Setting up as a Sole Trader in Ireland

A Sole Trader is a popular type of business structure in Ireland. As the name suggests, it is registered by one person who owns and manages the business. It is different from setting up a company in that a Sole Trader is solely liable for the business and a company is a separate entity from its directors – to learn more about the differences between a Sole Trader and a Limited Company, check out our guide for a comparison of the two business structures.

Many of our clients choose to register as a Sole Trader in Ireland because it has fewer compliance requirements than new companies, there are no financial statements, no accounts audits, and it’s an easier registration process.

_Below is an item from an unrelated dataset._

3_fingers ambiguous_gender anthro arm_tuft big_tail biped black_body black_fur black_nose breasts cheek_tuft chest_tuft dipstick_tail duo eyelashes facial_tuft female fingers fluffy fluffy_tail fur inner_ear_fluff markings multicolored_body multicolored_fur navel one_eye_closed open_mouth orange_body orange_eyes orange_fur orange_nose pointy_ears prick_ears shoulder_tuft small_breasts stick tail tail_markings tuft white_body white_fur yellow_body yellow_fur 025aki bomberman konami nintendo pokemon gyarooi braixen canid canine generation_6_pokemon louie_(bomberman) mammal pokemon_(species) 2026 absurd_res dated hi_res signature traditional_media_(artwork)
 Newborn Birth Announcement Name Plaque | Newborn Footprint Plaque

Registering as a Sole Trader in Ireland is straightforward, but you should be aware of the requirements once your business is set up and make sure that setting up as a Sole Trader is the right business structure to be.

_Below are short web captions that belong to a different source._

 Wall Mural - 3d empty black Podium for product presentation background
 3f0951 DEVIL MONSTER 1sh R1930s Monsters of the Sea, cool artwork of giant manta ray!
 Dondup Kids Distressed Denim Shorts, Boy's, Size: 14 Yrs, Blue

In this guide, we’ll take you through all the general requirements of registering as a Sole Trader in Ireland, so you know what to expect as a Sole Trader, what you need to do to be registered, and how to remain compliant with Revenue.

1) Have a business plan

Writing a business plan is crucial for any business, no matter how big or small. Your business strategy will include how you expect your business to achieve its goals, satisfy customers and sustain a competitive advantage.

If you have plans to grow your business in the future – for instance, seek equity finance or business loans, expand into other markets, or apply for government business grants and supports, you should consider what that means for your business structure. You can always change from a Sole Trader to a Limited Company at a later stage, so it’s worth understanding those requirements now in case you need to switch in the future.

2) Evaluate your expected level of income / turnover

Everything you earn as a Sole Trader is essentially your income and that income is subject to tax up to 55%. You can deduct any expenses that are directly related to your business which will save on your tax bill – but it’s worth planning your business in the event that you reach the higher tax rate.

We recommend that you consider the total business income versus what you actually need to spend. If you are making more money than you need as a salary, you should consider setting up a Limited Company because there are more tax-efficient ways to pay yourself. For example, salary, dividends, and pension.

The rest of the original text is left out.